Pelican Parts Forums - View Single Post - Lousy day

Z-man · Z-man's Garage

Got a call at 4:30am about a production server that had a hardware failure that effected the SAN Storage it was attached to. (I'm the SAN guy here at work). So I grab my clothes, jump in the car and come into work to verify that nothing has changed on the SAN environment. This after not being able to convince the guy on the other side of the phone that the SAN doesn't simply 'break' by itself - if there are no warning lights or if the box doesn't "phone home" to IBM, there simply is no problem. We're talking about enterprise level storage here - 5 9's stuff - Raid five with dynamic sparing, dual fibre connected servers -- there's so much redundancy built into the SAN fabric. I mean, if a cooling fan in the storage device (IBM ESS 2105-800) stops, the other cooling fans actually increase their RPM's in order to keep the box at the optimum temps.

Oh, and by the way, I'm supposed to coordinate a disaster recovery of an important Linux server at an IBM sight about an hour from work this morning. Hoping that I can verify the SAN, and then jump over to IBM and kick off the DR test without skippnig a beat. Ah the best laid plans of men...

Ok, so anyway, I get my butt into work early - 5:30/6-ish, and verify the system. Sure enough, everything's fine on the SAN side, but the lousy Microsoft servers cannot connect. The operating system on DB9 is completely corrupt and has taken a non-releasable reserve on a LUN (logical disk) that DB10 needs to see. (Note: I hate Microsoft Clustering - it's about the worst server/SAN methodology I have ever worked with). We come to this conclusion around 10:00am. (I was supposed to kick off the DR test around 8:00am. Four people are anxiously awaiting my arrival - but I gotta work on produciton first. Two of them decide to come into work instead. Good call.)

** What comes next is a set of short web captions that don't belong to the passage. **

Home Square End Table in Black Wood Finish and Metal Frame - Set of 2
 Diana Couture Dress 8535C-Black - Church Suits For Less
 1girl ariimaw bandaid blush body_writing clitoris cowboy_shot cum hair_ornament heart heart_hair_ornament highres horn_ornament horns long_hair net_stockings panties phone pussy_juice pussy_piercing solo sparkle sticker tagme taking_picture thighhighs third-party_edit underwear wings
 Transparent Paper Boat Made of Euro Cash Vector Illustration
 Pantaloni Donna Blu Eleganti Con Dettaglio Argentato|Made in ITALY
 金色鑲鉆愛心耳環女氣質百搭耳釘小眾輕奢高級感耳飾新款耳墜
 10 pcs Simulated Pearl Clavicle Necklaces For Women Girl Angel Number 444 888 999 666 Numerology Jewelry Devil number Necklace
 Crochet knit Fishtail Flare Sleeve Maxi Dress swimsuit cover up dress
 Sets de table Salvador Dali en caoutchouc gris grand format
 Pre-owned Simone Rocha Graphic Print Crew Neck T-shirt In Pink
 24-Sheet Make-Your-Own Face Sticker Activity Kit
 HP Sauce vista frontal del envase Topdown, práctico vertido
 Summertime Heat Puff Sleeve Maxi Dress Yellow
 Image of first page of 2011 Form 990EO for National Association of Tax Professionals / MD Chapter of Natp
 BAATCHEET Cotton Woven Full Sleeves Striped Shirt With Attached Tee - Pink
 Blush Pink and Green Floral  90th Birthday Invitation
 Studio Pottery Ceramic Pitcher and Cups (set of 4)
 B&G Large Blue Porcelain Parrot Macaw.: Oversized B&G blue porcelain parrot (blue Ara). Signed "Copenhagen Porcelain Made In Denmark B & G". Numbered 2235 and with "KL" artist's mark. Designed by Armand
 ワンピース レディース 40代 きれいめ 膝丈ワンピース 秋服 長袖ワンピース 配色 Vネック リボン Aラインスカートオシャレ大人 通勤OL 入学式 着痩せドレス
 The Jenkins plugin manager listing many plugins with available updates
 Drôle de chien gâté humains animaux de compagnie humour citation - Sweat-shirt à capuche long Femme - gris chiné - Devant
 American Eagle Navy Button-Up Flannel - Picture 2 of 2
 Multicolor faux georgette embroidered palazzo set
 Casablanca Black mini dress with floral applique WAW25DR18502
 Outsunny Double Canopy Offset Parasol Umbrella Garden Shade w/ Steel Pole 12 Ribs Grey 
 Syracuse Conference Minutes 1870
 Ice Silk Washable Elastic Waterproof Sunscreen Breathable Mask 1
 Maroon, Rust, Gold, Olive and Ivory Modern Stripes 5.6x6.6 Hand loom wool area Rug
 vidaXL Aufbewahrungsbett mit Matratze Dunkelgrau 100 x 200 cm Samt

Oh, and in the meantime, I'm getting slammed left and right with a million other production related problems. BTW: A little less than a year ago, my college was fired. Why? Harassment. (Yeah, she was harassing me - to the point that as soon as she came back from her appointment with HR, where she was told explicitly to leave me alone, she ripped me a new hole. Infront of our boss. That was the last straw.) So half the staff was eliminated, but the work has increased ever since then. And they will not fill her position with someone else. Why? The company has decided to freeze all open positions to save money. Thank you very much. Remind me NOT to be a company man.... but I digress...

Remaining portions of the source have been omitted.